# Heads up: Oasis 3: Previous covers will not fit the New Oasis 3



## HLS (Feb 23, 2018)

The Battery case or the "hump"  is a tad larger than the previous model. Maybe just by a millimeter or two. Also, new Oasis will not stick to a magnet so those wonderful stylish Ayotu Magnetic Case will not stick to it also just does not fit right at all since the new Oasis is a tad different in size. I am guessing the snap in cases will not fit as well. So if you preordered some cases thinking it will fit you will be returning them methinks.

I just tried my Ayotu  Magnetic Cover for the oasis 2 on my new one and it was a no go


----------



## crisandria (Feb 20, 2009)

Some cases will fit.  The official "Amazon" cases listed on the Kindle Oasis page will fit both the Oasis 2017 and Oasis 2019 versions, and the wake and sleep feature works. 
  The Ayotu Colorful Case & Ayotu Skin Touch Feeling Case do fit, but the sleep wake function does not work, the cases seem to fit like it does with the 2017 version, not sure why the sleep & wake functions are not working. 

I have one of the amazon magnetic stand covers for the Oasis 2017, and I am disappointed that it won't work on the 2019 version.  It's nice being able to use that stand when I'm out and need to prop up my kindle.


----------



## HLS (Feb 23, 2018)

crisandria said:


> Some cases will fit.

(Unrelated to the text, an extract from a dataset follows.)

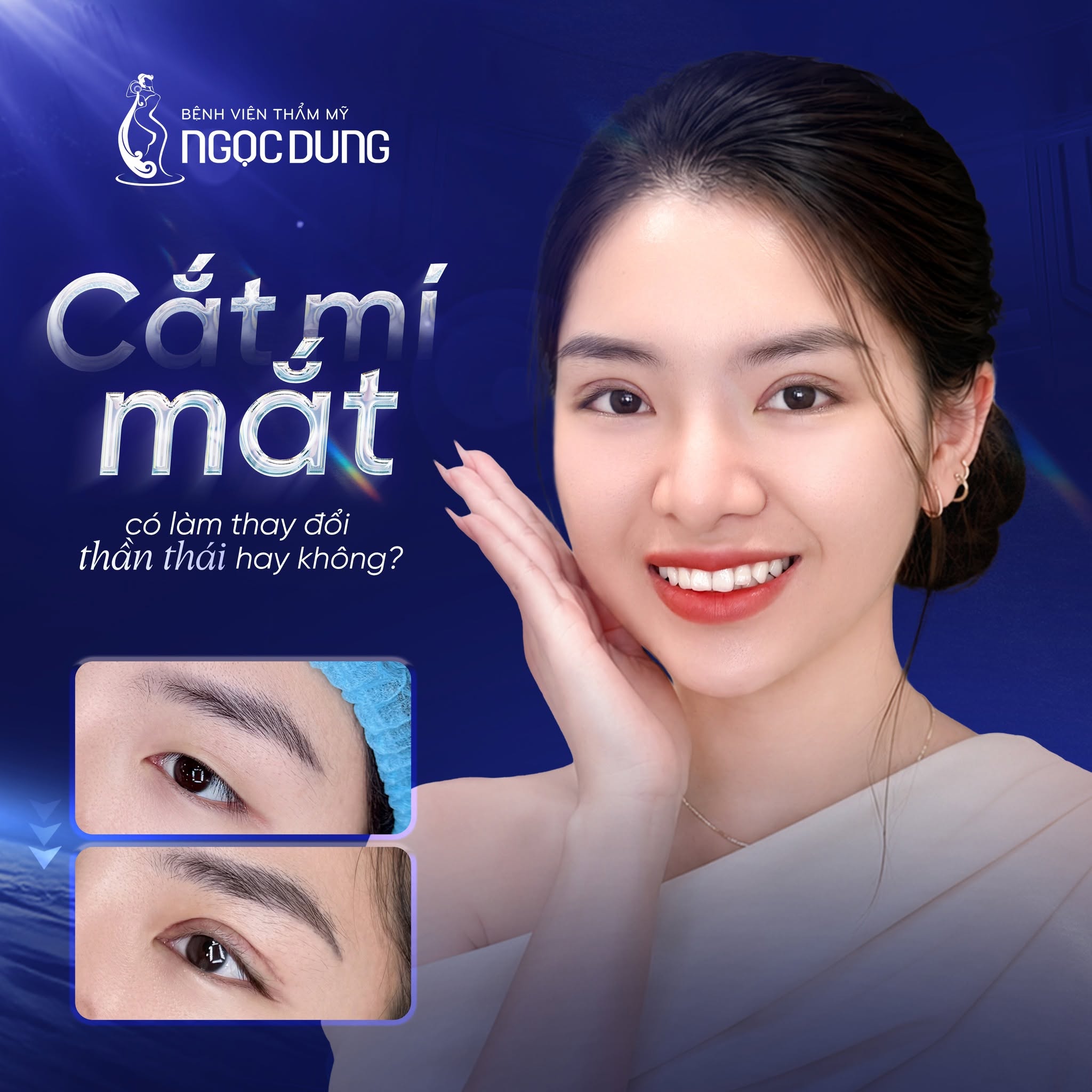 Cắt mí mắt có phá tướng không? Có thay đổi vận mệnh không? 7 Sự tự tin sau khi hoàn thiện diện mạo chính là chìa khóa mở ra nhiều cơ hội mới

The official "Amazon" cases listed on the Kindle Oasis page will fit both the Oasis 2017 and Oasis 2019 versions, and the wake and sleep feature works.
> The Ayotu Colorful Case & Ayotu Skin Touch Feeling Case do fit, but the sleep wake function does not work, the cases seem to fit like it does with the 2017 version, not sure why the sleep & wake functions are not working.
> 
> I have one of the amazon magnetic stand covers for the Oasis 2017, and I am disappointed that it won't work on the 2019 version. It's nice being able to use that stand when I'm out and need to prop up my kindle.


I have the Ayotu and it does not fit. Fits like a glove on the Oasis 2 but does not magnetize on the Oasis 3


----------



## cajunrph (Apr 17, 2018)

HLS said:


> I have the Ayotu and it does not fit. Fits like a glove on the Oasis 2 but does not magnetize on the Oasis 3


Does it not fit at all? Or is it just the magnets not in proper location to activate sleep mode?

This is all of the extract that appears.